To address the gap in the literature, the present study aimed to explore the most powerful systemic inflammation markers for survival outcomes in LARC patients and construct prognostic predictive nomograms.

Patients and Method

Patients

In this study, we retrospectively analyzed 472 LARC patients who underwent NCRT and radical resection between 2011 and 2015. The patient inclusion criteria and exclusion criteria were reported in our previous study12,13. Tumor staging was evaluated by digital rectal examination, colonoscopy, chest radiography or CT, abdominopelvic MRI, and transrectal ultrasound (ERUS). Preoperative radiation and concurrent chemotherapy were performed in accordance with our previous study. Surgery was performed 6–10 weeks after the end of radiation. Total mesorectal excision and high ligation of the inferior mesenteric artery were surgical techniques routinely performed at our institution. About one month after surgery, the patients received postoperative adjuvant chemotherapy for six months according to the NCCN guidelines14. The follow-up protocol was also conducted according to the NCCN guidelines14. Briefly, in the first three years, the patients were followed-up every three months, except for tumor recurrence examinations, then biannually for the next two years, and annually thereafter. The last follow-up cutoff date was December 31, 2018.

Definitions

The pathological tumor regression grade (TRG)15 was used to evaluate the tumor response to NCRT. Pathologic complete response (pCR) was defined as no residual tumor cells in the resected specimen, including the primary site and lymph nodes. Venous blood samples were obtained within one week before NCRT. The systematic inflammatory markers were calculated using the following equations: SII = platelet count × (neutrophil count/lymphocyte count), NLR = neutrophil count/lymphocyte count, PLR = platelet count/lymphocyte count, and MLR = monocyte count/lymphocyte count.

Statistical analysis

The Statistic Package for Social Science (SPSS, version 23.0) and the R software package version 3.5.1 were used to perform the statistical analyses. Chi-squared or Fisher’s exact test was used to assess the categorical variables. Continuous variables were assessed via the analysis of variance (ANOVA). The X-tile program (http://www.tissuearray.org/rimmlab/) was used to calculate and determine the best cutoff points for the SII, NLR, PLR, and MLR counts16. The Kaplan-Meier method and log-rank test were performed to evaluate the survival outcomes. The risk factors for overall survival (OS) and disease-free survival (DFS) were calculated by the Cox proportional hazards model. Based on the Cox regression model analysis, a nomogram was developed by using the R software. Time-dependent ROC curves were plotted to evaluate the performance of the nomogram. Statistical significance was defined as P < 0.05.

Results

Cutoff values for SII, NLR, PLR, and MLR

A total of 472 LARC patients (313 men and 159 women) were eligible for analysis in this study. The clinicopathological characteristics of the LARC patients are summarized in Supplementary Table 1. As seen in Fig. 1A,B, and Supplementary Figure 1, X-tile plots identified 797.6. 2.3, 169.5, and 0.4 as cutoff values for SII, NLR, PLR, and MLR, respectively. Based on the above cutoff points, we divided the entire cohort into low and high OS and DFS subgroups.

Figure 1
figure 1

Cutoff points for NLR counts determined by the X-tile program. X-tile analysis divided the entire cohort into training sets (shown in the upper-left quartile of A) and matched validation sets (shown in the bottom X-axis of A) based on patient survival data.
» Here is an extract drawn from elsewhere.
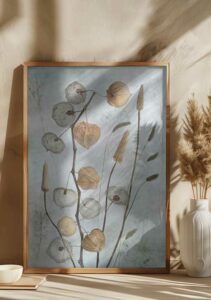 Lanterns - Mandy Disher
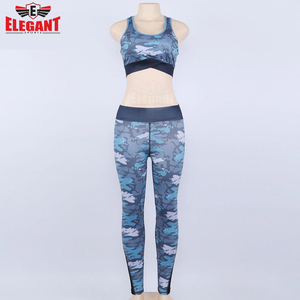 Chándales ajustados para mujer de alta calidad para mujer de Elegant Sports Soft Cómodo con características de talla grande - Product Image 6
The black dot in the validation set represents the exact cutoff values for the NLR count. The entire cohort was divided into low (blue) and high (gray) NLR count groups based on the optimal cutoff point (2.3), as shown in a histogram of the entire cohort (B), a Kaplan-Meier curve of overall survival (C), and disease-free survival (D) for the optimal cutoff point of the NLR counts.
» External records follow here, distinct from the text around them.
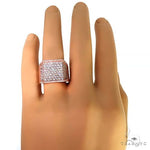 Avalanche Diamond Ring 67321 - Image 5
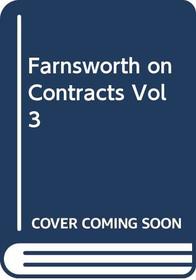 Farnsworth on Contracts (3 Vols.)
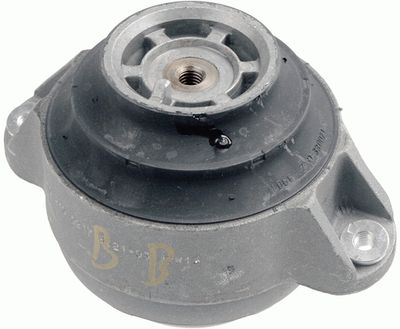 Подвеска, двигатель LEMFÖRDER 10851 01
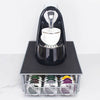 Coffee Pod Machine Drawer Tassimo 60 Capsule Holder Dispenser Stand Storage Rack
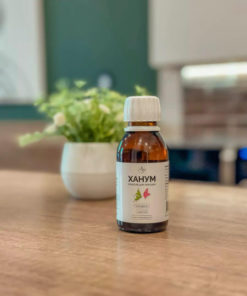 Khanum's Elixir for Women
Association of SII, NLR, PLR, and MLR with survival

Higher SII, NLR, PLR, and MLR scores were correlated with worse prognosis in LARC patients following NCRT. The OS rates at three years for the low SII, NLR, PLR, and MLR groups were 86.5%, 88.7%, 86.5%, and 86.4%, respectively, significantly higher than 78.3%, 77.6%, 80.2%, and 72.4% in the high SII, NLR, PLR, and MLR groups, respectively (all P < 0.01, Figs. 1C and 2A,C, E). Notably, lower SII, NLR, PLR, and MLR scores were associated with better DFS, and the DFS rates at three years for the low SII, NLR, PLR, and MLR groups were 82.6%, 84.5%, 82.1%, and 80.9%, significantly higher than 69.3%, 71.0%, 73.7%, and 72.4% in the high SII, NLR, PLR, and MLR groups (P < 0.01, P < 0.01, P < 0.01, P = 0.04, respectively) (Figs. 1D and 2B,D, F).

Figure 2
figure 2

Kaplan-Meier analysis of the SII, PLR, and MLR counts. The overall survival (A) and disease-free survival (B) for the optimal cutoff point of the SII counts. The overall survival (C) and disease-free survival (D) for the optimal cutoff point of the PLR counts. The overall survival (E) and disease-free survival (F) for the optimal cutoff point of the MLR counts.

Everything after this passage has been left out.